Based on the visual inspection, the line appears to capture a general trend in the data, but there is considerable scatter around the line. This suggests that while cocoa percentage may have some influence on ratings, other factors not included in this simple model likely play important roles as well.


## 8. Model Performance Evaluation

In [None]:

try:
    # Calculate performance metrics
    mse = mean_squared_error(y_test, y_pred)
    r2 = r2_score(y_test, y_pred)

    print(f"Model Performance Statistics:")
    print(f"Mean Squared Error (MSE): {mse:.4f}")
    print(f"R² Score: {r2:.4f}")

    # Compare predicted vs actual values
    comparison_df = pd.DataFrame({
        'Actual Rating': y_test.flatten(),
        'Predicted Rating': y_pred.flatten(),
        'Cocoa Percentage': X_test.flatten()
    })

    # Calculate the absolute error
    comparison_df['Absolute Error'] = abs(comparison_df['Actual Rating'] - comparison_df['Predicted Rating'])

    # Display the comparison
    print("\nComparison of Actual vs. Predicted Ratings (first 10 rows):")
    comparison_df.head(10)
except NameError:
    print("Variables y_test, y_pred are not defined. Please run the previous cells to fit the model.")
    # If we have the model but not the performance metrics, calculate them
    if 'model' in globals() and 'X_test' in globals() and 'y_test' in globals():
        y_pred = model.predict(X_test)
        mse = mean_squared_error(y_test, y_pred)
        r2 = r2_score(y_test, y_pred)
        
        print(f"Model Performance Statistics:")
        print(f"Mean Squared Error (MSE): {mse:.4f}")
        print(f"R² Score: {r2:.4f}")
        
        comparison_df = pd.DataFrame({
            'Actual Rating': y_test.flatten(),
            'Predicted Rating': y_pred.flatten(),
            'Cocoa Percentage': X_test.flatten()
        })
        comparison_df['Absolute Error'] = abs(comparison_df['Actual Rating'] - comparison_df['Predicted Rating'])
        
        print("\nComparison of Actual vs. Predicted Ratings (first 10 rows):")
        print(comparison_df.head(10))
except Exception as e:
    print(f"Error: {e}")



## 9. Interpretation of Model Performance

The model's performance can be evaluated using the following metrics:

1. **Mean Squared Error (MSE)**: This measures the average squared difference between the actual ratings and the predicted ratings. A lower MSE indicates better model performance.

2. **R² Score**: This indicates the proportion of variance in the ratings that is explained by the cocoa percentage. An R² score closer to 1 suggests that the model explains a large portion of the variability in the data.

Based on these metrics, we can assess how well cocoa percentage alone predicts chocolate ratings.

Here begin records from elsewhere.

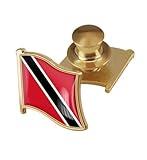 vmcoatdu Trinidad and Tobago Flag Backs Locking Pin Keepers Locking Clasp Pin Badge International Travel Brooch Metal Alloy Souvenir Pin 0.75x0.7 Inch Small Pin (Trinidad and Tobago)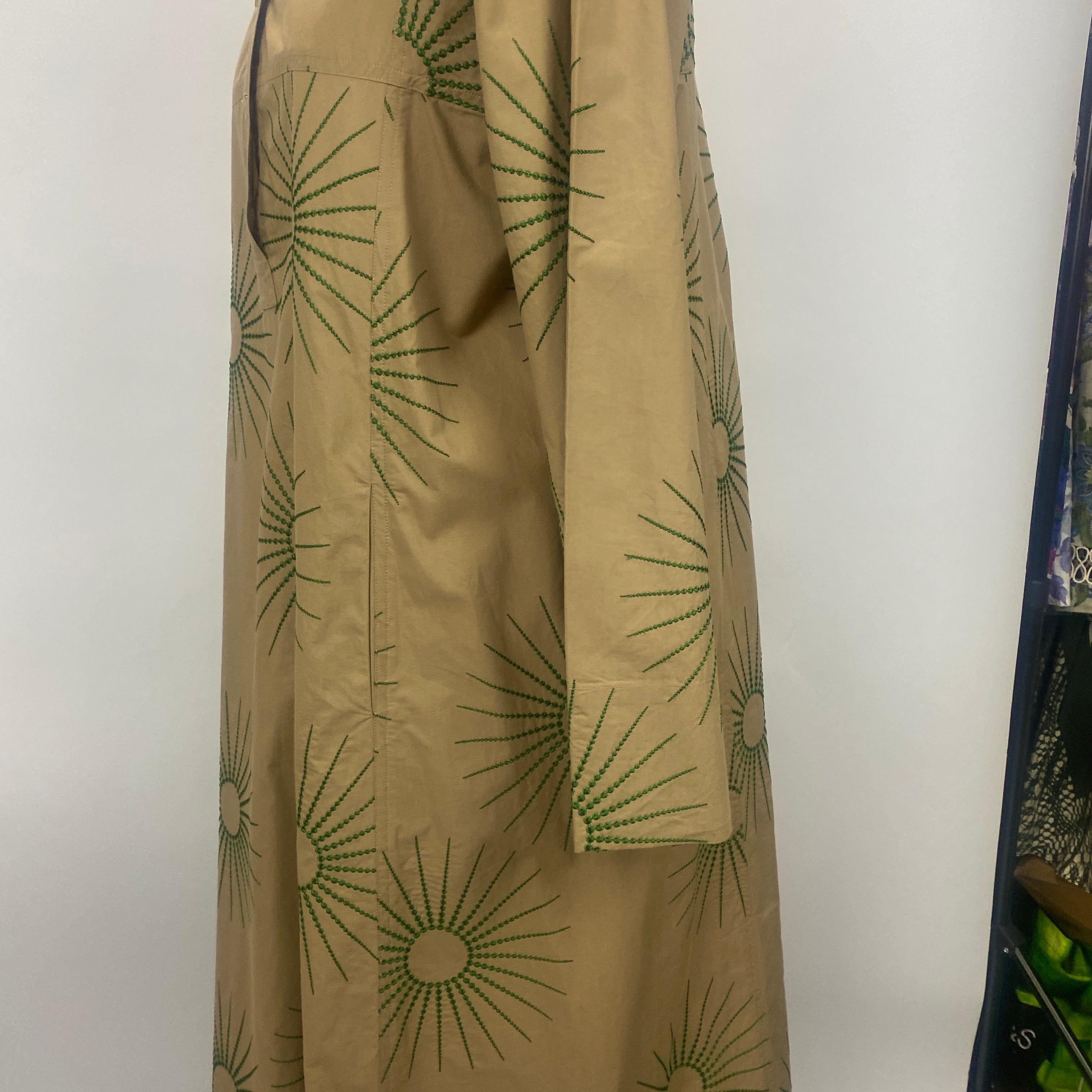 Dries Van Noten New Camel Cotton Embroidered Tunic Dress L/XL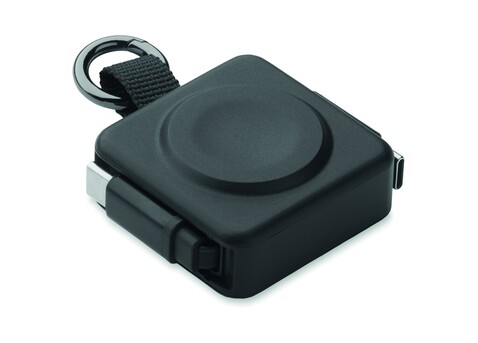 Einziehbares 100W-Typ-C-Kabel - Schwarz bedrucken, Art.-Nr. MO3145-03 Einziehbares 100W-Typ-C-Kabel - Schwarz bedrucken, Art.-Nr. MO3145-03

The R² score gives us insight into whether this single variable is sufficient for prediction or if we need to consider additional factors.



## 10. Reflection on Data Bias and Model Limitations

Several potential biases and limitations should be considered when interpreting this model:

1. **Sampling Bias**: The dataset may not represent all chocolate products equally. Certain regions, manufacturers, or types of chocolate might be overrepresented or underrepresented.

2. **Omitted Variable Bias**: The model only considers cocoa percentage as a predictor, but many other factors likely influence chocolate ratings:
   - Bean origin and type
   - Manufacturing processes
   - Ingredients besides cocoa
   - Reviewer preferences and biases

3. **Measurement Bias**: The ratings are subjective and may reflect the preferences of a specific group of tasters rather than universal quality measures.

4. **Non-linear Relationships**: The relationship between cocoa percentage and rating might not be strictly linear. There could be optimal ranges or threshold effects that a linear model cannot capture.

5. **Data Quality Issues**: Any errors in data entry, inconsistent rating scales, or missing values could affect the model's reliability.

To improve the model, we could:
- Include additional predictors such as bean origin, company location, or bean type
- Explore non-linear modeling approaches
- Consider interaction effects between variables
- Implement cross-validation to ensure model stability
- Analyze residuals to identify patterns in prediction errors

This analysis serves as a starting point for understanding chocolate ratings, but a more comprehensive model would be needed for accurate predictions.